砂場の端に座り込んでいるのは、ぼさぼさの長い髪をした少女だ。服は安物のTシャツに短パンで、やせ細った手足が痛々しいほど目につく。彼女こそ、俺の幼馴染――湾子。年は1つ下のはずだが、その痩せた身体のせいか実年齢よりも幼く見える。
湾子がこちらに気づいた瞬間、ぱっと表情が明るくなり、嬉しそうな声を上げながら駆け寄ってきた。まるで愛犬が飼い主に飛びつくような勢いでタックルされ、俺は思わず倒れ込む。
「優くーん!」
「うおっ!」
湾子は全く遠慮せずに抱きついてきて、くしゃくしゃの髪を俺の服にこすりつけている。かすかに砂や土のにおいが混じっていて、そこにはどこか懐かしい感触があった。
「優くん、ああ優くんだ!」
そう言って頬をすりすりしてくる湾子を、俺はなんとか引きはがそうとしながら笑った。
「落ち着け、湾子。ステイ、ステイ!」
昔、飼い犬に教えた指示のように言ってしまい、湾子をまるで犬扱いしている自覚はある。だが興奮しきった彼女を静止するには、これが手っ取り早かった。
「ステイって、なに? おいしいの?」
「いや、食べ物じゃないって……ははは……」
困ったように笑う俺の背後で、少し離れて見ていた真姫が眉をひそめているのが視界の端に映った。優雅に結い上げられた髪と高級そうなワンピースが汚れることを嫌がっているようにも見える。それでも真姫は意を決したかのように一歩前へ出た。
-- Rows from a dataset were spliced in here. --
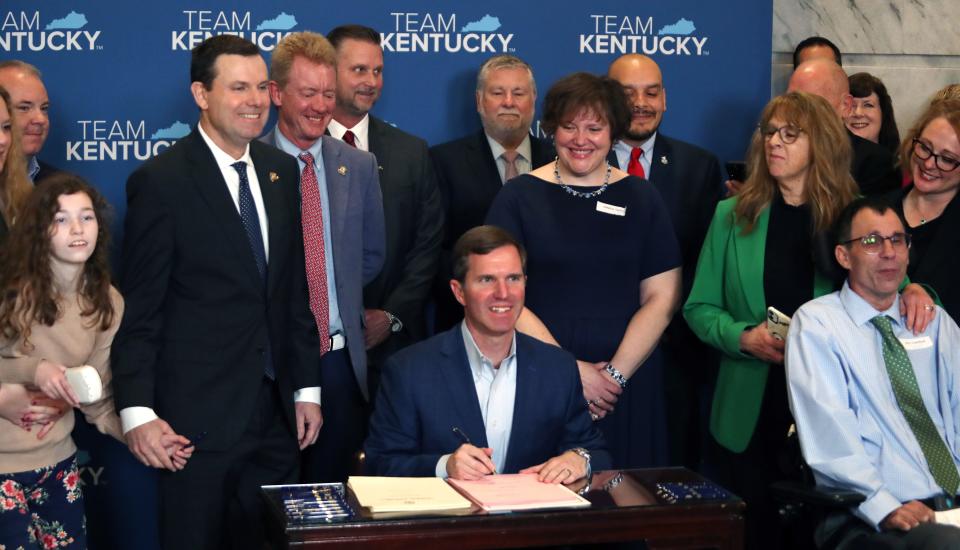 Gov. Andy Beshear signed a bill into law that makes Medical Marijuana legal in Kentucky. He would later sign and make legal Sports Betting.
March 31, 2023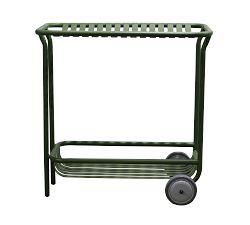 Kaylin Metal Outdoor Bar Cart (32.5")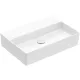 Villeroy & Boch Memento 2.0 Mosdó csapfurat és túlfolyó nélkül 60x42 cm, fehér alpin 4A226301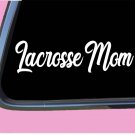 Lacrosse Mom TP142 vinyl 8" Decal Sticker mom uniform ball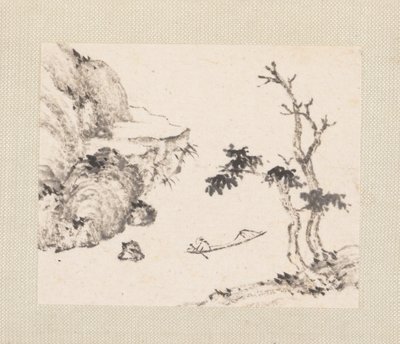 Paisagens em miniatura, datáveis de 1751-54 (álbum de oito folhas; tinta e cor sobre papel) de Zongcang Zhang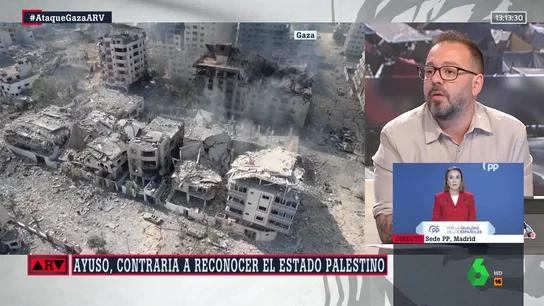 ARV - Antonio Maestre sobre Ayuso y Palestina ARV - Antonio Maestre sobre Ayuso y Palestina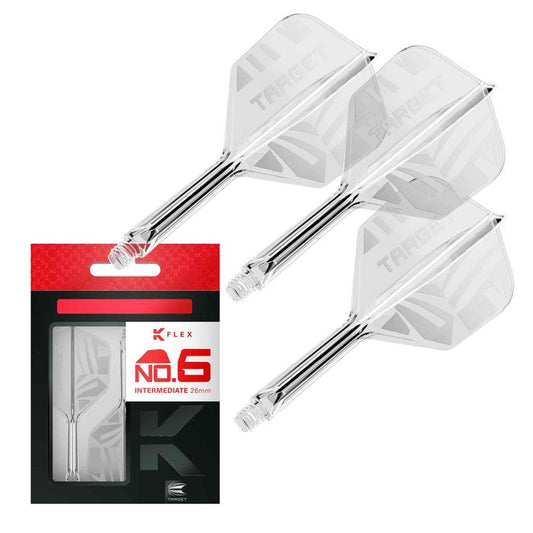Target K-Flex Patterned Clear NO6 - Dart Flights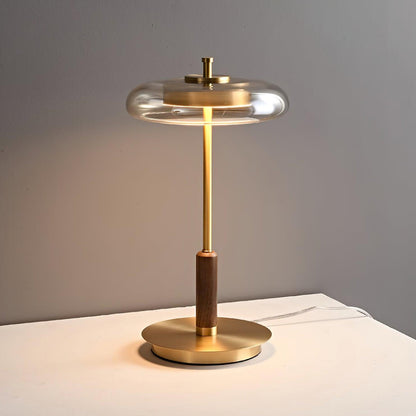 Lampe de Table Ronaldo - Design Moderne en Métal et Verre avec Technologie LED - Lumière Douce et Élégante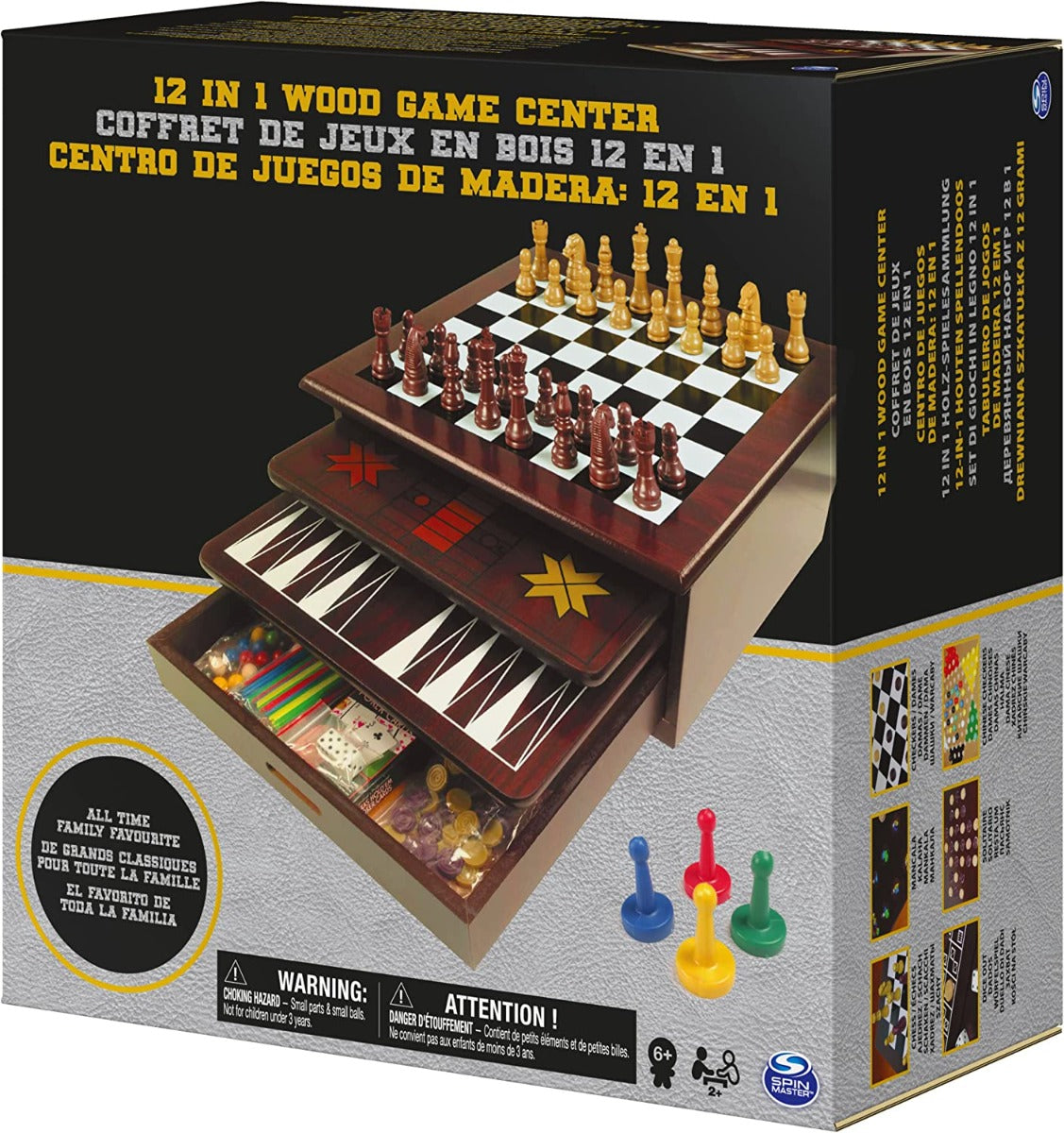 Buy Ibrands Game 12 In 1 Game Center Wood | Yallatoys.com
「湾子さん、はじめまして。優様の婚約者の二条真姫と申します。よろしくお願いします」
真姫がお嬢様らしい丁寧な口調で名乗ると、湾子はきょとんとした。
「こんやくしゃ……ってなに?」
その無邪気な表情からして、どうもコンニャクと混同しているらしい。俺は心の中で苦笑いする。
「将来、結婚するということですよ」
真姫の目は笑っていない。言葉だけは丁寧だが、婚約者という立場を強調してくるあたり、少なからず牽制の意味があるのだろう。
「湾子もするー!」
日本語が通じない――というより、彼女はひたすら人懐っこいだけなのだ。真姫はあからさまに疲れたような表情を浮かべ、仕方なく車へと退却していった。ほんのわずかな接触ですら、真姫の神経をすり減らすほど湾子の距離感は近すぎる。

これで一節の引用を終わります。